Crucible Industries SxxV series: Strong, corrosion and wear resistant, with excellent edge retention. Difficult to sharpen and to polish to a mirror finish.

• CPM S30V: A high-carbon (1.45%) stainless steel that contains 3% vanadium in a highly tough alloy with excellent wear resistance and good hardness.

• CPM S35V: Includes niobium added to CPM-S30V to produce a variation created for knifemaker Chris Reeve.

• CPM S60V: A high-carbon (2.15%) stainless steel with 6% vanadium. High edge retention and wear resistance. Not widely implemented.

• CPM S90V: A high-carbon (2.3%) ultra-high vanadium (9%) alloy with nearly three times the vanadium of S30V or Elmax. Unbeatable wear resistance and edge retention in an alloy that's almost impossible to sharpen. Typically used only in custom knives.

• VG 10 (Japan): A high-carbon (0.95%-1.05%) stainless steel with vanadium for increased toughness. Excellent hardness, edge retention, and corrosion resistance, but occasionally brittle. Similar to 154 CM and ATS 34, but with additional chromium and vanadium.

• X15 (France): A low-carbon (0.4%) stainless steel developed to provide high corrosion resistance in airplanes. High hardness, but not particularly tough.

• Z60CDV14 (Sweden): A low-carbon (0.4%) stainless steel similar to 440A, with allegedly better edge retention.

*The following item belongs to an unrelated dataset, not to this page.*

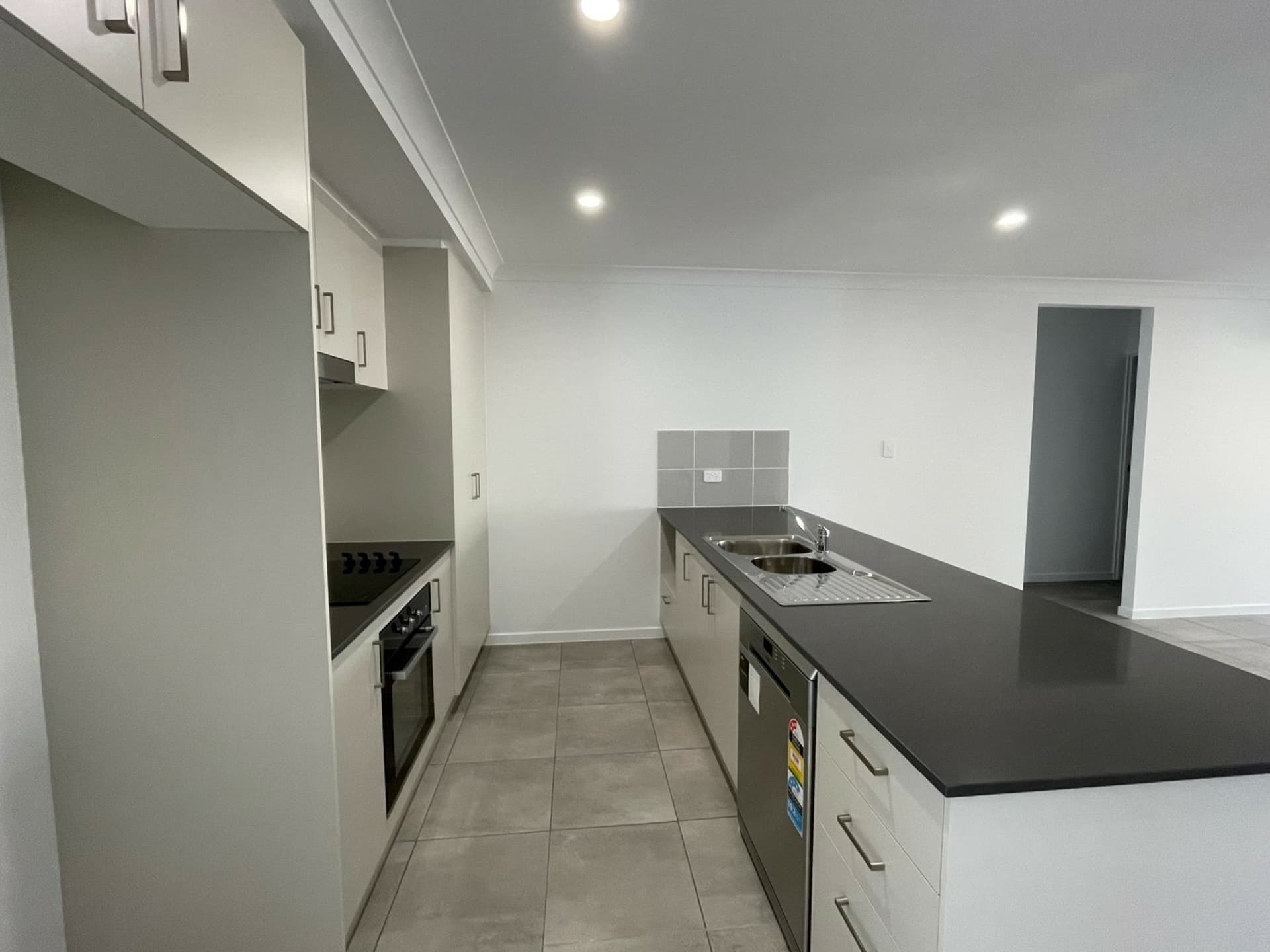 81 Adelaide Street Cranley QLD, Cranley - Thumbnail 2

• ZDP-189 (Hitachi, Japan): A high-carbon (3%) super steel with very high (20%) chromium content, resulting in extreme hardness and superior edge retention. Not very good at corrosion resistance, and very difficult to sharpen.

4. Miscellaneous and rare materials

• Damascus steel: Hand made in the Middle East for millennia, today this exotic metal is pattern welded from multiple layers of various steels folded together and acid etched, producing swirled patterns on its surface. Expensive, beautiful, and largely custom made.

• Ceramics: Non-metallic and therefore rustproof, with extreme hardness that rarely requires sharpening. Brittle, and surpassingly difficult to sharpen.

• Titanium: Lightweight and tough, but with poor edge retention. Found in some custom knives and divers' blades.

• Stellite 6K: A highly tough, wear resistant cobalt alloy made with chromium, molybdenum, and tungsten. Prone to a pitting form of corrosion.